Me: So why did it become a saying within the BFA’s?

Subject: Uh, because we’re the ones that had to run through it for an hour—it was just that line. And so then every time the lights turn off we’d have to go ‘Dark in here!’—so the lights turn off and he [the main character] goes ‘Dark in here” and so now any time any professor ever turns the lights off somebody goes “Dark in here” and I hate it [laughs].

Folk speech

The SoCal Spell Out

Context & Analysis

The subject and I were eating lunch together and I asked him to tell me about some of his experiences at USC; particularly, I asked him if he knew of any strong traditions at USC (aside from the obvious ‘Fight On’). The subject is a member of the USC Triathlon team and is very active and involved on the team. He proceeded to tell me about this particular tradition he enjoys on the Tri team, which is also a tradition shared by many other USC sports teams.

Main Piece

“My favorite tradition is, like, the SoCal spell out, and it’s basically a lot of things that I think, like, USC athletic teams do here. It just consists of basically spelling out “Southern California”, like, really quickly and really loudly and then just, like, erupting in cheer at the very end. That actually is, like, really really fun to do and a good tradition to have, plus it also fills you up with adrenaline. So that’s a tradition that we have.”


Bosco Tjan

Item (direct transcription):

So, the professor was something like a computer visions expert, right?

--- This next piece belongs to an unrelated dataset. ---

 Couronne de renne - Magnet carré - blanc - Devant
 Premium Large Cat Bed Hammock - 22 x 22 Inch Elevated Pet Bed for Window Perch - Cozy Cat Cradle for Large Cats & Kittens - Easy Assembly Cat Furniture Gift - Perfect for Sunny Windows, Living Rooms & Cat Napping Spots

So the joke was, if he’s such a visions expert, why didn’t he see this coming?

Background Information:

The informant read this joke on Facebook; it was posted by someone from USC (the University of Southern California).

Bosco Tjan was a USC professor who was murdered by one of his students in 2016. The joke refers to those events.

Contextual Information:

The informant expressed that he would only tell the joke to someone he knew well and thought wouldn’t be offended.


This joke fits the common pattern of jokes forming in response to tragic events. Interestingly, though, in this case the event was not a national or widely publicized—it would only make sense to members of the USC community.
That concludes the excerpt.